Widely referred to affectionately in the Kurdish parts of northern Iraq as mam, or uncle, Talabani has been a consistent figure in Iraqi politics for the last 40 years.
He is expected to be re-appointed on Thursday for another four- year term as president.
After completing a law degree in 1959, he joined the Kurdish Peshmerga forces, which revolted against the Baghdad government in 1961 in a bid to acquire independence from Iraq.
When the insurgency was quelled in 1975, as Saddam Hussein and his Arab nationalist Baathist party consolidated power in Baghdad, Talabani wanted to keep going.
He split with the then-dominant Kurdish Democratic Party (KDP) to form the Patriotic Union of Kurdistan (PUK), which he still heads.
In the 1980s, during the Iran-Iraq war, the PUK took Tehran's side in an effort to pressure Saddam. Whenever times have gotten tough - such as in 1988, when chemical weapons were used against the Kurds - Talabani has sought refuge in Iran and occasionally in Syria.
The doomed Iraqi invasion of Kuwait in 1990 weakened Baghdad and Talabani moved quickly, playing a key role in a Kurdish uprising in northern Iraq, which - combined with the no-fly zone imposed by foreign powers - led to the return of hundreds of thousands of Kurdish refugees.

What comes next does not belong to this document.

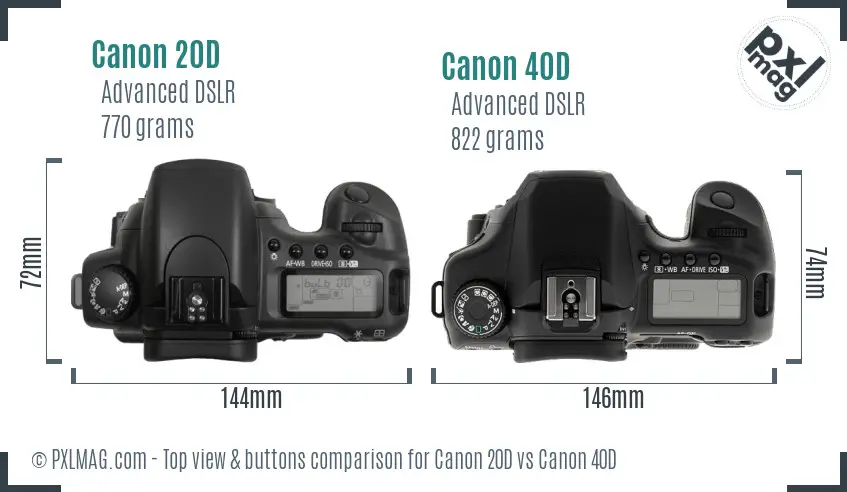 Canon 20D vs Canon 40D top view buttons comparison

Afterward, during a period of brief reconciliation with the KDP, he was elected to lead the Kurdish areas along with Massoud Barzani, who is the current president of the autonomous northern Kurdish region.

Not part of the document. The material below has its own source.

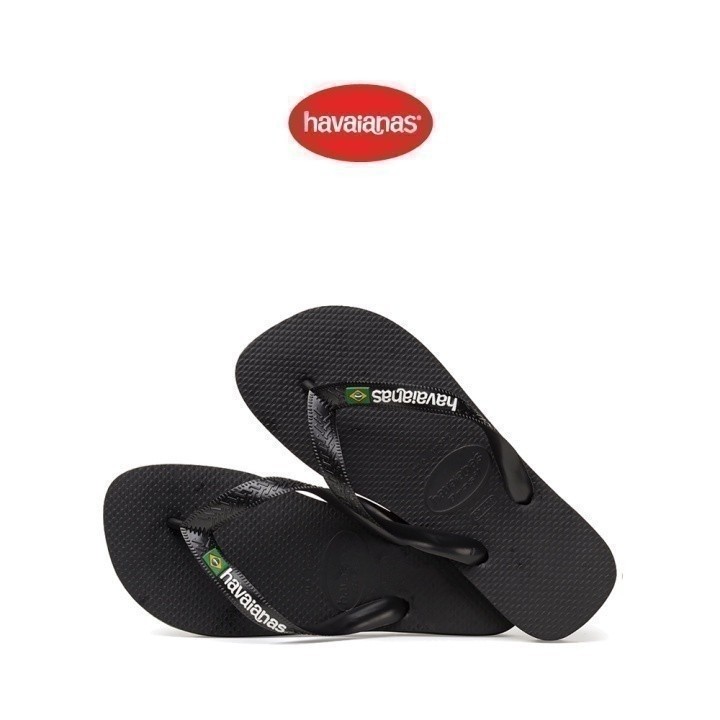 HAVAIANAS รองเท้าแตะ Brasil Logo Flip Flops BLACK 41108501069U_C3BKXX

A series of bitter disagreements followed, however, leading to a civil war among Kurdish factions. But the two leaders were eventually reconciled four years later, in 1998, and the union was finalized with United States assistance after Saddam was ousted.
That deal enabled the Kurds to seize the presidency of Iraq for the first time, when Talabani was sworn into the job in 2005.
Talabani was born in the northern province of Irbil in 1933 to an influential and historically important family. He is a polyglot who speaks several languages fluently, including Arabic, English Kurdish and Persian. He has suffered from heart problems.